Verve Mondays: June 2026 — Five Records. The Season Opens. Jazz Doesn’t Wait.

Verve Records 70th Anniversary logo

Verve Mondays · June 2026

Five Records. The Season Opens. Jazz Doesn’t Wait.

Five Mondays, five reissues — Dinah Washington, Cal Tjader, Joe Gordon, Stan Getz, and Lester Young alongside Roy Eldridge and Harry Edison. June is fully loaded.

Five Mondays in June means five records and five full evenings of Verve Mondays programming. The month stretches from Dinah Washington’s R&B-drenched balladry all the way to Lester Young trading phrases with Roy Eldridge and Harry Edison — with stops at the West Coast cool of Cal Tjader, the hard bop promise of Joe Gordon, and the bossa nova swing of Stan Getz along the way.

Each session plays through our audiophile hi-fi system. The Verve 70 cocktail is available all evening. Kissa Kissa opens at 6.

June 2026 Selections

This Month on the Turntable

Five records. Five Mondays. Each one played on vinyl the way it was meant to be heard.

Dinah Washington What a Diff'rence A Day Makes album cover

June 1 Dinah Washington
What a Diff’rence A Day Makes!
Verve Vault

Dinah Washington was one of the most gifted vocalists in American music — a singer who could move between gospel, blues, jazz, and pop with absolute authority.

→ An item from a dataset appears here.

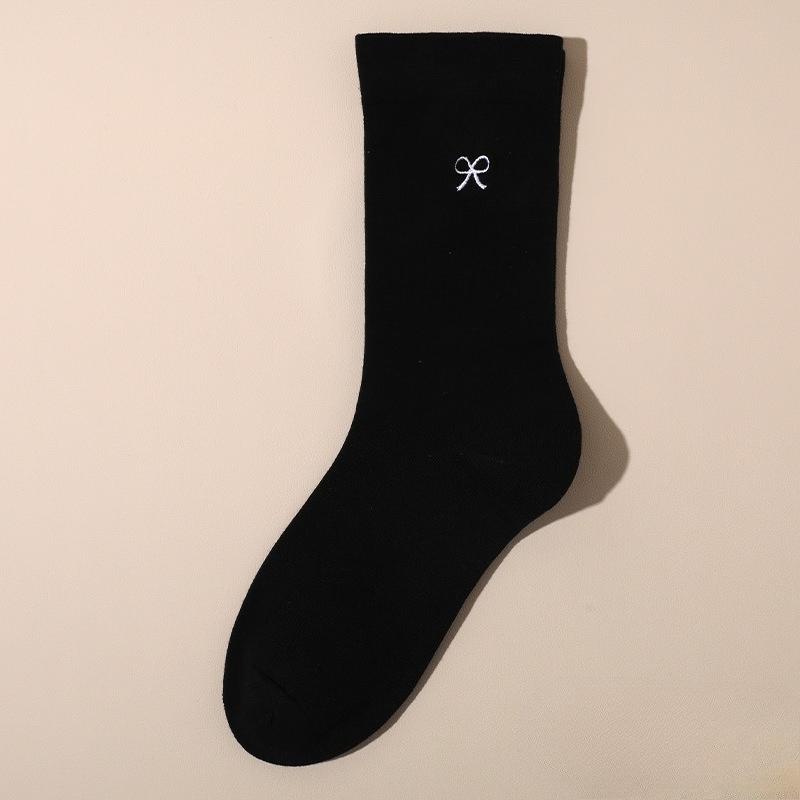

Embroidered Bow Tie Pile Socks Made of Cotton, Anti-bacterial, Odor-resistant, Moisture-absorbent, Breathable Mid-calf Socks, Anti-tear Women s Socks 1 pair чорний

Known as “the Queen” to her contemporaries, she had a voice with an edge that cut through any arrangement and a phrasing sense that was entirely her own. What a Diff’rence A Day Makes!, recorded in 1959, became her biggest commercial success and stands as one of the defining vocal recordings of its era.

The Verve Vault reissue returns this essential recording to vinyl. June opens with Washington at full command — which is exactly the right way to begin a month of listening.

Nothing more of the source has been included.